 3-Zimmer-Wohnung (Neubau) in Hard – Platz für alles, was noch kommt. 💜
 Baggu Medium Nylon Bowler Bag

◆ ◆ ◆

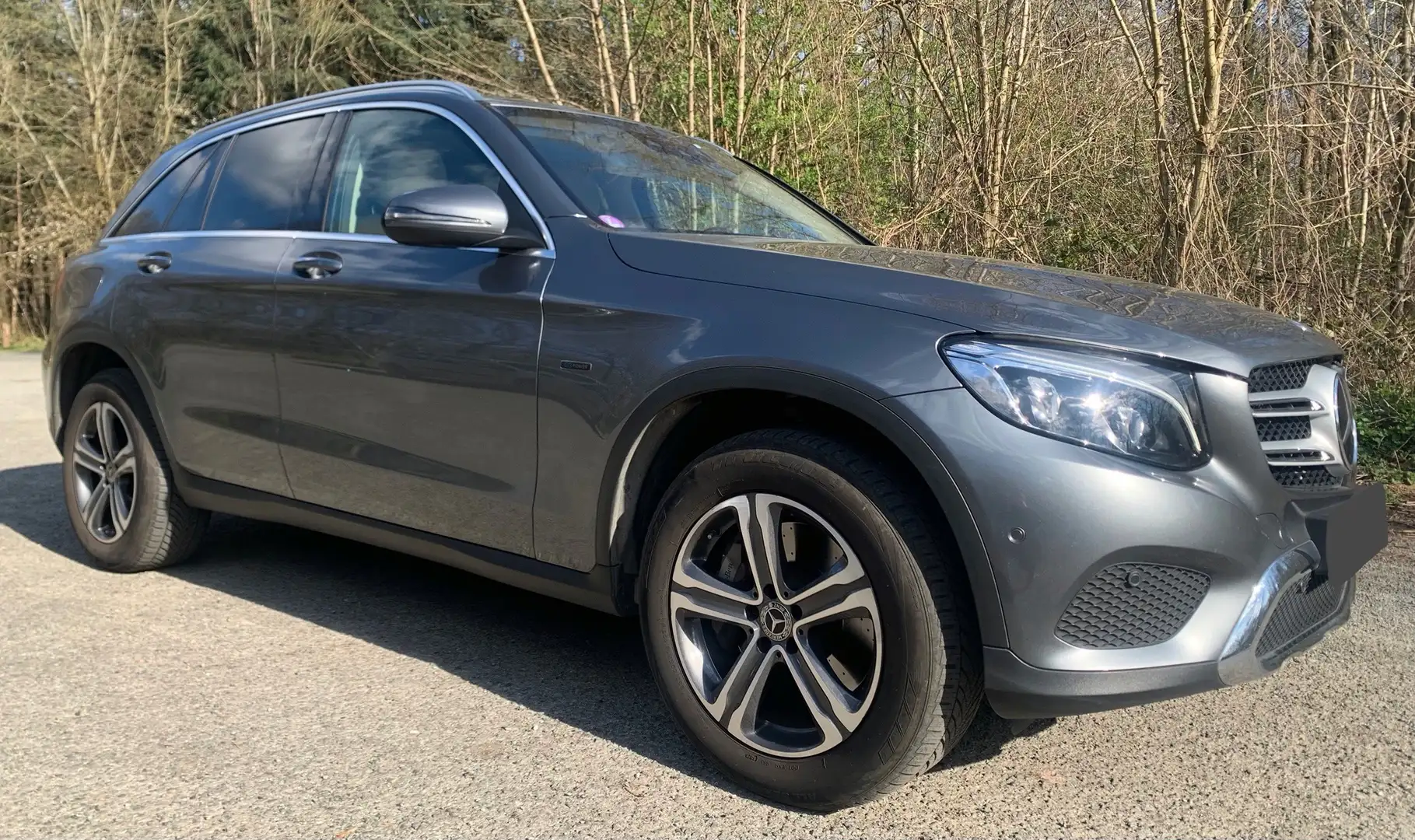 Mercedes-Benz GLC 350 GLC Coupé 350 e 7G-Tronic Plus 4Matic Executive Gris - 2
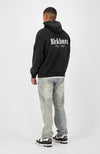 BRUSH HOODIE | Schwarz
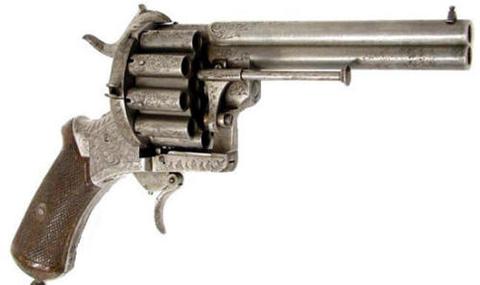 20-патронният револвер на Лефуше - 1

◆ ◆ ◆

■ **EXERCISE PROMPT**
Lines wanted from the entries above: the one with "Mercedes-Benz GLC 350", the one with "20-патронният револвер на Лефуше - 1", and all lines between. Please copy them exactly, without the pictures and without anything else.

■ **OUTPUT**
 Mercedes-Benz GLC 350 GLC Coupé 350 e 7G-Tronic Plus 4Matic Executive Gris - 2
 BRUSH HOODIE | Schwarz
 20-патронният револвер на Лефуше - 1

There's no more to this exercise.